TDG: You suggest that this cataclysmic knowledge existed in the early mystery schools but that it was guarded closely and available only to most senior initiates. It makes sense (your claim) that Christian-biased Victorian scholars would not want to release such knowledge because of the possible consequences but it makes less sense to me why early societies would control such information so strongly. Can you shed some light on why meteoric origins for man would have required such secrecy in early society and indeed through history and do you think this knowledge has been passed down to today?
AA You are referring to tablets such as the Assyrian legend of 'Ulligarra and Zalgarra' (probably 8th century BC), which contains a column of 'secret writing' and whose legible portion ends with the words "Let the wise teach the mystery to the wise." (see chapter 1 of When The Gods Came Down)
I think that we are probably dealing here with a classic case of trade secrets. In every trade and craft, the practitioners have always guarded their secrets carefully in order to protect their livelihood. And make no mistake, the business of religion was an extremely lucrative one, especially after the priests promoted the idea of the death and rebirth of the Sun-god which necessitated offerings to be made at the temples on a daily basis.
Knowledge is power, and what made religious knowledge all the more powerful in ancient times was the fact that kingships were legitimised by it. Furthermore, we must bear in mind that this religious knowledge was supposedly the key to accessing the afterlife - for it was said that no man could pass through the underworld and return to the heavenly Source unless he had understanding of the journey which he was about to undertake. If we accept the proposition that ancient priests and kings took this quest for the afterlife seriously, then it follows that the knowledge of human origins (via the exploded planet) would indeed have been closely safeguarded so that only an elite could have materialised successfully into the 'other world'.
It is impossible to say whether knowledge of these 'exploded planet cults' has survived to the 21st century, but there is plentiful evidence of an esoteric belief system flowing down through secret societies during the last two thousand years.

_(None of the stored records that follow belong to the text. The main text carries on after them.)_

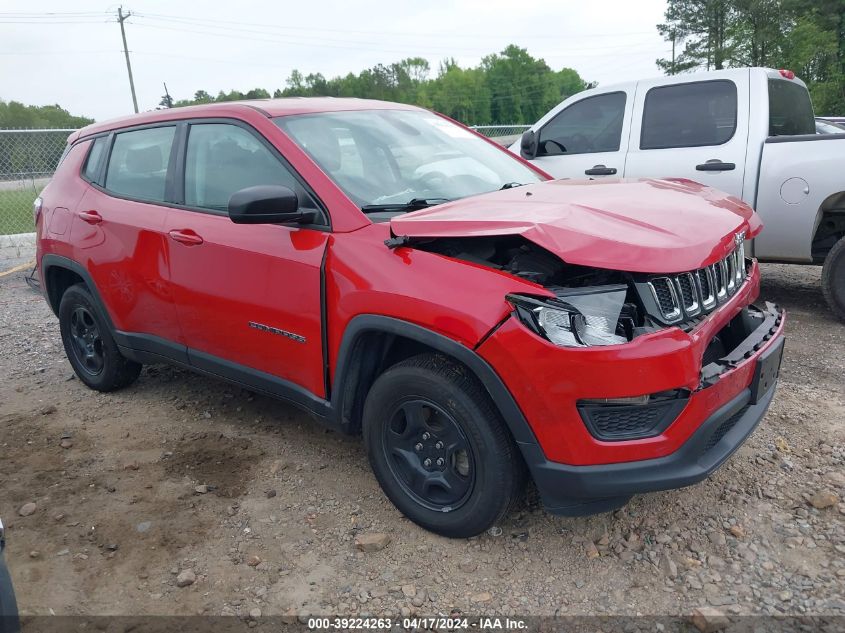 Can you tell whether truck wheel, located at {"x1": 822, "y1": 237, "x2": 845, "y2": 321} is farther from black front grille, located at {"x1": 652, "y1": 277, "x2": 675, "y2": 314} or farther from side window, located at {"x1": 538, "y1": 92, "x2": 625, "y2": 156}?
black front grille, located at {"x1": 652, "y1": 277, "x2": 675, "y2": 314}

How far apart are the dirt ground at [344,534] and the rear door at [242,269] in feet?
1.87

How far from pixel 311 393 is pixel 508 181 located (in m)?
1.54

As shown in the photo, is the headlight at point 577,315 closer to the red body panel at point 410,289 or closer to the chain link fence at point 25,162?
the red body panel at point 410,289

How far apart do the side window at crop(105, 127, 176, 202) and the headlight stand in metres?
2.42

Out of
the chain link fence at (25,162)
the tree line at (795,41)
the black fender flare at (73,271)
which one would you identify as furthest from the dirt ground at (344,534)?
the tree line at (795,41)

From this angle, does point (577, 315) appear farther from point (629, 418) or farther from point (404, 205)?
point (404, 205)

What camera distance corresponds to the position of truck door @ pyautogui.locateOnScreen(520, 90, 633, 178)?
5930 millimetres

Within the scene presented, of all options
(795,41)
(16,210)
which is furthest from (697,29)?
(16,210)

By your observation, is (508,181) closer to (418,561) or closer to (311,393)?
(311,393)

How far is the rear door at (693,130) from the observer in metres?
5.39

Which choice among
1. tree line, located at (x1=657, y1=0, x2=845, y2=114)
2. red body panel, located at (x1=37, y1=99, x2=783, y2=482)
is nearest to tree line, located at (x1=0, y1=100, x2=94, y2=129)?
tree line, located at (x1=657, y1=0, x2=845, y2=114)

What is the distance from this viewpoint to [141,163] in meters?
4.02

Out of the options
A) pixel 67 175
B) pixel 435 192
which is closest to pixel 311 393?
pixel 435 192

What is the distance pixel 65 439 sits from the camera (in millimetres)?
4016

Many of the themes picked up in my book are, for example, evident in certain Renaissance paintings, causing me to suspect that certain artists were initiated into exactly the same secrets which I am now sharing in my book.

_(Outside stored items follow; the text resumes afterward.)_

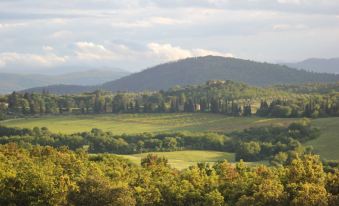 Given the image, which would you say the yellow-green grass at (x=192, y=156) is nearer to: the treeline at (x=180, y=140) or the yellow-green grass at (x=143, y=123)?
the treeline at (x=180, y=140)

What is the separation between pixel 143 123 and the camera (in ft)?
604

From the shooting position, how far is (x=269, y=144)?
133375 millimetres

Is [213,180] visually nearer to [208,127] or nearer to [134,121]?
[208,127]

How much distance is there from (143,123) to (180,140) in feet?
119

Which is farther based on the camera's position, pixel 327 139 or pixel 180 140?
pixel 180 140

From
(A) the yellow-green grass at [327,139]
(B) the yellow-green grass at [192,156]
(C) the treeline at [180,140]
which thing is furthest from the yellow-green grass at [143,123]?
(B) the yellow-green grass at [192,156]

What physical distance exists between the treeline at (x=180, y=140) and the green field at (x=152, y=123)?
7.85 m

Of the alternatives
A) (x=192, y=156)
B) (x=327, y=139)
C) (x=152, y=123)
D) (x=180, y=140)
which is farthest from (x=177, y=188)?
(x=152, y=123)

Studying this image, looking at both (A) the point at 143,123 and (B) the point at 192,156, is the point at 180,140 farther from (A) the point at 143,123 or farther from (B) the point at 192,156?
(A) the point at 143,123

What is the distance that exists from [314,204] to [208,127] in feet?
393

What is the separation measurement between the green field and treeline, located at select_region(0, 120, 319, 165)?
7853 millimetres

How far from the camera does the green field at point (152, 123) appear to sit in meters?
165

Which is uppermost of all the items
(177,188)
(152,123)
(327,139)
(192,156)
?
(152,123)

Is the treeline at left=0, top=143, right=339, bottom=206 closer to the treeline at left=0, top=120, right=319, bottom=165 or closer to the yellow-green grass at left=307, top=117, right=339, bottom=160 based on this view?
the yellow-green grass at left=307, top=117, right=339, bottom=160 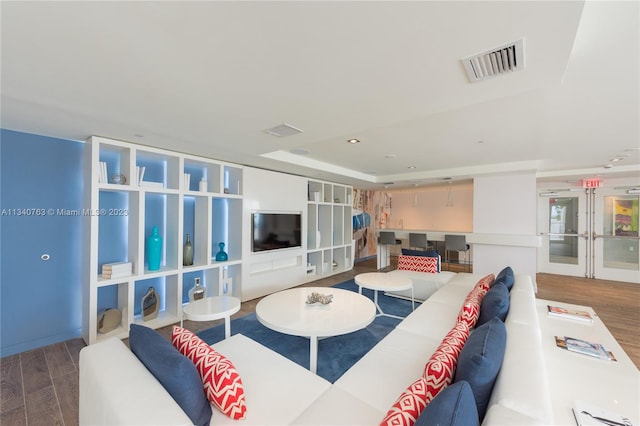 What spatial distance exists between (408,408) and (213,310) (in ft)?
6.23

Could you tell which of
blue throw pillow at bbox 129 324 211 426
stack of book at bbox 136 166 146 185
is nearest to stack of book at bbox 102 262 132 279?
stack of book at bbox 136 166 146 185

TDG: Does your research indicate whether the catastrophic approach may be a universally occulted belief system? Thinking about commonalities world-wide in mythology - such as flood myths - I suspect your template could be successfully applied more widely. Does your research suggest a wider spread of the cataclysmic origins of man as a belief system - you did cite the Navajo for example?
AA: I am very aware of commonalities between the ancient Near East and other cultures of the ancient world, and I hope to explore these further in future books. I must be careful, however, not to jump to conclusions without a thorough study of the ancient culture under consideration. Having said that, I must say that the commonalities are not only wide ranging but also far more detailed than one might reasonably expect. I see trouble ahead...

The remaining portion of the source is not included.